Earlier this year we published a new translation of one of the most important novels in Catalan literature, In Diamond Square by Merce Rodoreda. Michael Eaude wrote in the Independent, Peter Bush ‘has taken enormous pains to capture its world. A translator like this is essential if books from a stateless culture like Catalan are to be ushered successfully on to the stage of world literature . . . The fierce beauty of Rodoreda’s writing makes it one of the masterpieces of modern European literature.’
Peter Bush writes here of translating this incredible book:
When I read La plaça del Diamant (In Diamond Square) for the first time, I couldn’t put it down. I wanted to know what finally happened to war widow, Pidgey, and her children in the wake of the Spanish civil war. I started it at 3pm, after lunch, and finished it at 9.30, in time for dinner, Barcelona-style. I’d just moved to live in that city and was catching up on Catalan literature. It was only when I came to translate the novel a few years later that the life story of the girl from Gràcia struck a deeper, personal chord. Continuously reading as a professional doesn’t mean that reading becomes a clinical process. You still react emotionally while you repeatedly engage with the language you are transforming, making hundreds of thousands of changes…
As I reread the story of Pidgey’s struggle for survival during wartime on the home front, I was reminded of the way my mum would tell me about her six years bringing up two daughters in a small rural town – alien to her, a lass from a tenement in the centre of Sheffield – when my dad was away being a nurse in northern France and the deserts of the Middle East.
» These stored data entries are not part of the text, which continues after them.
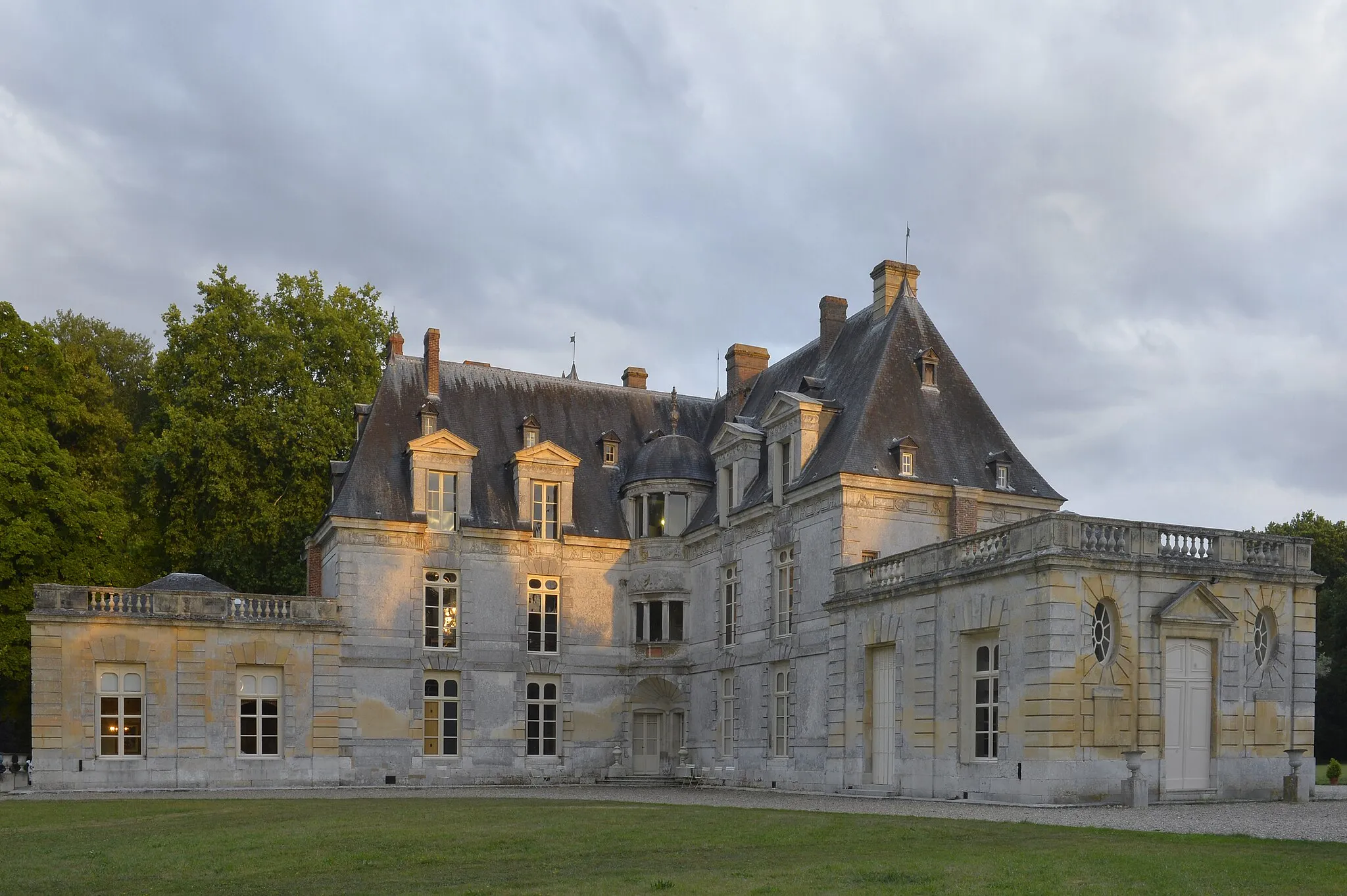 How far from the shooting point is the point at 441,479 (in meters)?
33.7

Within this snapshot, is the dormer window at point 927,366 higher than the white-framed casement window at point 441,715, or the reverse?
the dormer window at point 927,366

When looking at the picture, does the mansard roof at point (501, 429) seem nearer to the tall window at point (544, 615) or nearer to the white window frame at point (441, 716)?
the tall window at point (544, 615)

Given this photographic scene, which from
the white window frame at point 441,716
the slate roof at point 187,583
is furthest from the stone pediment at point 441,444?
the slate roof at point 187,583

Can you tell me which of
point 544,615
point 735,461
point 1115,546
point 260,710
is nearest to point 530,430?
point 544,615

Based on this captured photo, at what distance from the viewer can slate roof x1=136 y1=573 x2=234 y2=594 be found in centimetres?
3184

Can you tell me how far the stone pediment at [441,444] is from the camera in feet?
109

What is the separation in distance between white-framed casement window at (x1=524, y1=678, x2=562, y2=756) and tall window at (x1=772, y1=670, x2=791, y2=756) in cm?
630

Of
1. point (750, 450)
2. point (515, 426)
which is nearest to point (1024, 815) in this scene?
point (750, 450)

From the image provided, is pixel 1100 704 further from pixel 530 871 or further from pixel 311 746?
pixel 311 746

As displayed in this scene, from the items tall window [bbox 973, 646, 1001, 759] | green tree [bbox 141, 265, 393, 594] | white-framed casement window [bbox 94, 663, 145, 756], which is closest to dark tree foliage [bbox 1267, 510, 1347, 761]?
tall window [bbox 973, 646, 1001, 759]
She told me of the fortunes being made on the black market by uncles who were small farmers, but couldn’t find the occasional egg for her young daughters, the tussles with aunts, the evacuated family that came to lodge, the bombs… Sometimes reading sparks these very personal connections, but not always. It helped me understand that Mercè Rodoreda’s novel wasn’t only about women at the home front in Barcelona; behind her heroine stood the women she had met in France during the Occupations on her many flights from the Nazis and her struggle to make a living, and, more generally, women left to cope, wherever, in bellicose times.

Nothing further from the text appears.